How I approach a slow background job
2025-07-29
When a background job runs slow, I don’t just add retries or throw more threads at it.
I step back and ask:
- 📌 Is this a problem with the job itself?
- 📌 Or with the system around it?
That distinction matters, because a lot of performance issues look like code problems but are actually systemic.
Here’s how I break it down 👇
Check the payload size
Large job payloads (objects, blobs, nested data) hurt Redis performance, clog queues, and slow deserialization. Passing just IDs keeps jobs fast and retryable.
➡️ Small payloads support a healthier system.
Isolate external calls
APIs, file systems, DB writes or anything that depends on I/O should be isolated, timed, and retried safely.

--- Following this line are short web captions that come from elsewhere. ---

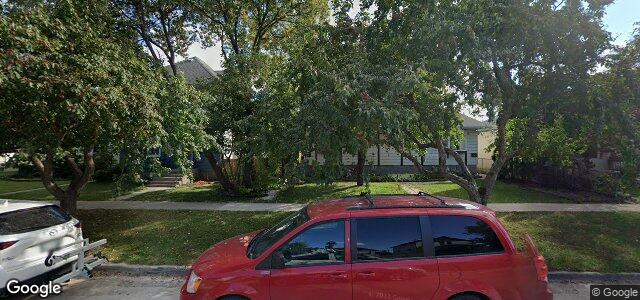 Larawan ng 376 Eugenie Street sa Winnipeg, Manitoba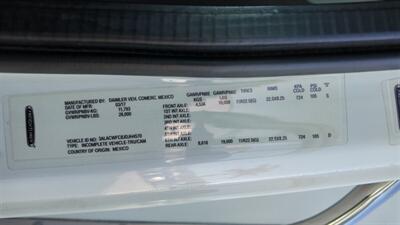 2018 Freightliner M2 106  26 ft BOX TRUCK - Photo 13 - San Jacinto, CA 92583
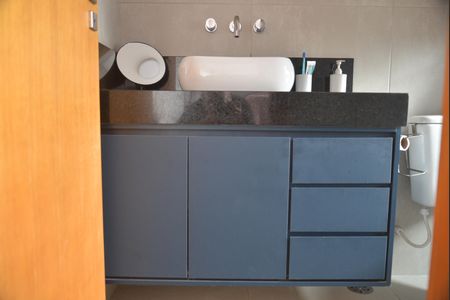 Apartamento à venda com 100m², 2 quartos e 1 vagaBanheiro da Suíte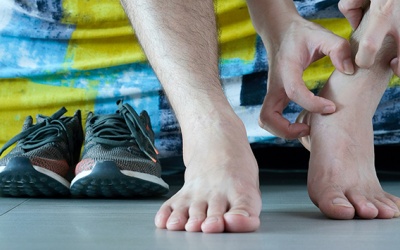 Mùa mưa đến, cần làm gì để phòng bệnh nấm kẽ chân?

➡️ External latency isn’t your job’s fault, but it becomes your system’s problem.
Profile the internals
If the job is CPU-bound (like resizing images or crunching data), Ruby might struggle. I measure performance and consider: does this work belong here? Should it move to a native extension, separate service, or queue tier?
➡️ Sometimes the fix is not optimization, but extraction.
Batch when you can
N+1 isn’t just a query problem, it happens in jobs too. If it’s looping over 100 records, maybe it should fetch and process them in one pass.
➡️ Batched jobs reduce I/O load and system thrash.
Check for lock contention or shared resources
If multiple jobs touch the same records, deadlocks and retries follow. I look at DB locks, Sidekiq uniqueness, or whether the job needs idempotency guarantees.
➡️ Concurrency isn’t free. Structure matters.
Check retry patterns in context
Retries can hide deeper failures. I check whether retries spike during deploys, outages, or congestion. I also ask: does this job need retries or is that masking a design flaw?
➡️ Bad retry behavior is usually a system smell, not just a job bug.
Review queue structure and load
Is this job stuck behind heavy ones? Competing for threads? Underprovisioned? Sidekiq lets you shape priority and throughput—but the defaults won’t save you.
➡️ Queue topology is system design, not config trivia.
Trace the upstream trigger
Sometimes the job’s slow because it shouldn’t exist. Maybe the work should be done earlier (precomputed), or later (lazily), or not at all (deleted feature).
➡️ Job design is downstream from system clarity.
💡 Slow jobs don’t always mean bad code. Sometimes they reveal load imbalances, architectural mismatches, or flawed assumptions.
So I go back to the start: Is the slowness inside the job or around it?
The answer shapes everything that follows.